No Surprises. Heath's task was made no easier by the genuine outpouring of warmth that greeted his predecessor, Sir Alec Douglas-Home. And the freshly minted Conservative statement of aims was something less than the dynamic manifesto the Tory faithful had hoped for. Its conventional mix of incentives for private enterprise and tolerance for the Welfare State brought no surprises.
In his introductory speech, Heath droned on about the benefits of "occupational pensions" and "meals-on-wheels" to the yawns of the audience. It was not until next day that the Conservatives were able to grab some headline space. Up stepped tough, mustachioed Enoch Powell, the shadow Defense Minister, with an astonishing plea for reduction of British military commitments east of Suez. Arguing that "a military presence has more than once proved an obstacle," Powell said that in the long run the quelling of Communist expansionism in Asia and Africa was not Britain's business.
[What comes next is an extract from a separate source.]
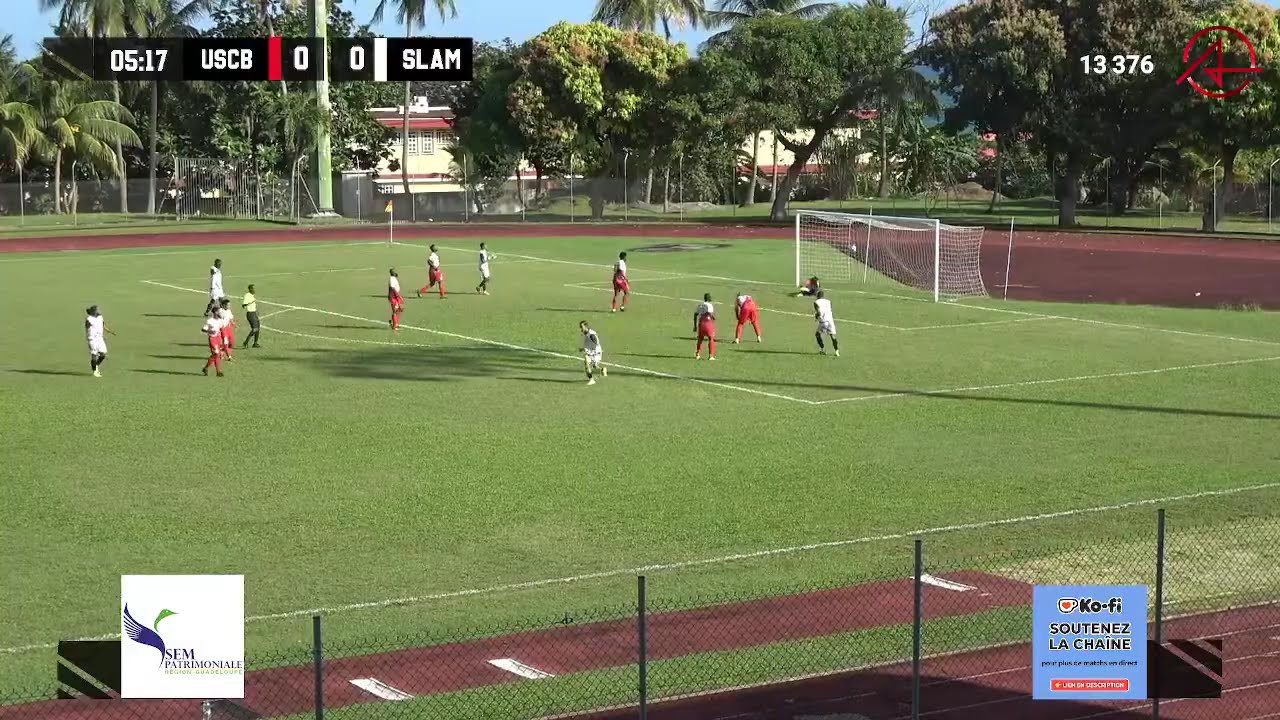 ⚽[COUPE SEM PATRIMONIALE] 16e DE FINALE : USCB VS STADE LAMENTINOIS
Besides, maintenance of military bases and forces from Aden to Hong Kong was too heavy a drain on British resources.
Strange sentiments to come from a right-wing spokesman for the party of Empire? Perhaps, but Powell's thinking reflected a growing sense of realism on the Tories' part, as well as another step in Heath's determined plan to bring Britain closer to Europe and win membership in the Common Market. Closing down such major British bases as Aden and Singapore, substituting a cheaper defense line based on small, stepping-stone islands in the Indian Ocean would produce a considerable saving in Britain's annual $6 billion defense budget. The U.S. Navy is currently studying the possibility of erecting a joint base in the Seychelles Islands to that end. The Labor Party, still officially committed to maintaining British bases east of Suez, is also pondering the question while preparing a defense White Paper due next spring. With both parties agreed in principle on the need for some reworking of the "thin red line," the new thinking may well produce repercussions throughout the Commonwealth, Europe and the entire Atlantic community.
* With mayoress of Brighton after conference session.